This degree of fidelity in PCR-Invader assays is produced by the requirement for multiple oligonucleotide hybridizations in both PCR and Invader reactions and the exquisite specificity of FEN.

Genotyping of loci in regions that have a low GC content may present difficulties for some technologies (Chen et al. 1998). The test set of loci we have used in this study ranges in GC content from 24% to 68% (Table 3). There was no difference in the efficiency of genotyping as measured by the number of mistypings between conventional assays and PCR-Invader assay or as measured by the relative signal intensities for the three genotypic states (Fig. 2; Table 3).

Some of the loci under investigation were <1 kb distant from each other. PCR primers were designed so that such adjacent loci were contained in the same amplicon. In total, 12 such loci were contained in five fragments (Table 4). Each locus within a PCR fragment gave genotypes of similar quality (Fig. 2; Table 3). Therefore, the effective amount of genomic DNA used as template per assay can be reduced, perhaps to below 1 ng, by utilizing a combination of multiplex and long-range PCR. An alternative strategy to reduce initial template is to use PCR products generated from template derived from degenerate PCR amplification (Dunger et al. 1998).
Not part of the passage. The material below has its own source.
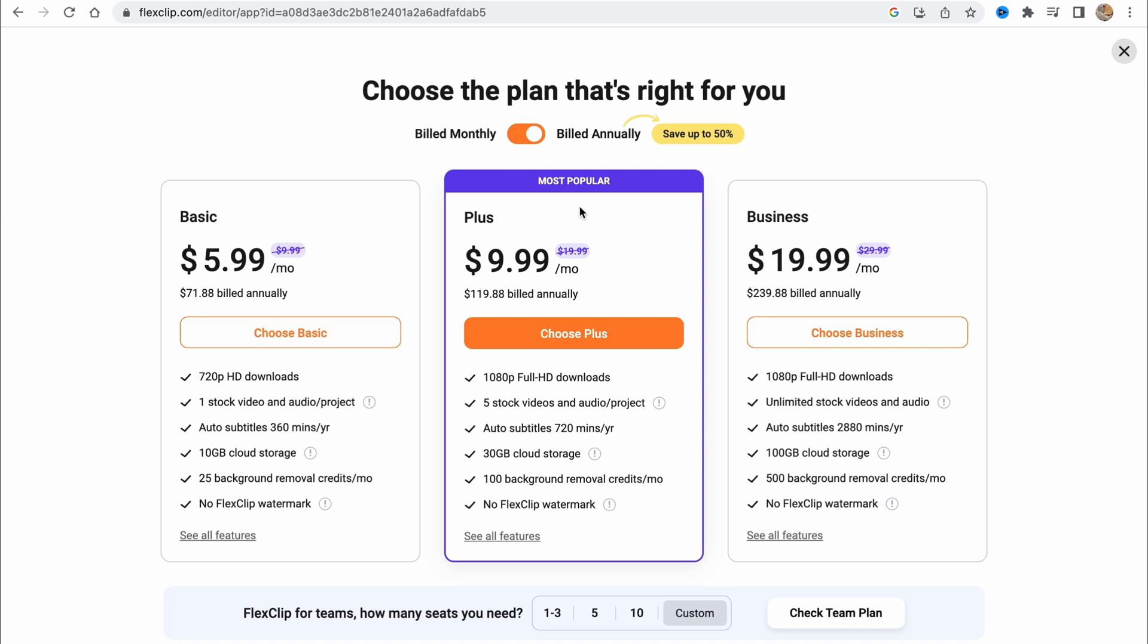As you can see, we have some plans here: basic, plus, and business. You can choose what you'd like to use.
Preliminary results for PCR-Invader assays from such templates indicate success for some loci but more variability than seen with PCR from genomic DNA, indicating problems with PCR fidelity.

Table 4.

PCR Primer Sequences for Invader and Conventional Assays

Locus PCR primers for Invader assay Amplicon length PCR primers for conventional assay Amplicon length





Forward Reverse Forward Reverse




graphic file with name gr.8t4.jpg

Loci located within one PCR fragment are as follows aLRP5g.-11215T>A and LRP5g.-11094G>A. 

b

LRP5g.-10088G>A and LRP5g.-9693G>A. 

c

LRP5g.-5802G>C, LRP5g.-5677C>T, and LRP5g.-5264G>A. 

d

EST4c.3021-3026del, EST4c.3211G>A, and EST4c.3403G>A. 

e

IL4-Rc.1216T>C, and IL4-Rc.1902A>G. 

The successful results with the PCR-Invader assay in a 96-well format encouraged us to transfer the reactions to a 384-well format on a semiautomated platform. To evaluate the fidelity of an automated 384-well-based system, we typed a subset of nine loci. All nine assays tested in a 384-well format gave fully interpretable genotypes (Fig. 3). The average signal ratio between each allele across all nine loci is 7.53 ± 0.72 for homozygotes and 1.01 ± 0.07 for heterozygotes. This compares with values of 9.00 ± 1.53 and 1.01 ± 0.18 for the same nine loci when assayed in the 96-well format. Although the signal-to-noise ratio for homozygous individuals was slightly less in the 384-well format than in the 96-well format, the coefficient of variance (CV) was lower, 9.55% and 16.96%, respectively. This reduced variability will lead to increased confidence in scoring genotypes. Both formats showed a similar rate of assay failure, 3.03% in the 384-well format and 2.78% for the same loci in 96-well format (Table 3). Four individuals (0.14%) scored differently in a 384-well assay compared with genotypes from 96-well Invader assays or conventional typings (Table 3). Three of these cases were known heterozygotes scored as homozygotes. The fourth individual was a known homozygote typed as a heterozygote. The explanation for these variant results is probably identical between the 96- and 384-well formats, namely, a failure to deliver template to some wells and a low level of contamination between samples.

Figure 3.

Figure 3

Average ratios, ±1 s.d., from 384 individuals, of signal from common allele to rare allele for each genotype for 9 loci in 384- and 96-well formats.

DISCUSSION

The results of this study clearly indicate that the PCR-Invader assay is a useful tool for high-throughput genotyping. Successful PCR-Invader assays were developed for all of the polymorphisms in our test panel. This success compares favorably with our attempts to conventionally type the same polymorphisms with 6 of 36 (17%) remaining untyped. The accuracy of the panel of PCR-Invader assays used, 99.2%, is good; the accuracy of other SNP typing technologies is largely unknown. The failure rate of the PCR-Invader assay is relatively low, 2%–3%, and probably reflects the underlying rate of PCR failure. The failure rate is similar to that observed for DOL (Chen et al. 1998), although the failure rate for other technologies is not known. Preliminary experiments with TaqMan assays suggested between 5% and 15% failure/repeat rate depending on the SNP assay (A.J. Wilson and J.A. Todd, unpubl.).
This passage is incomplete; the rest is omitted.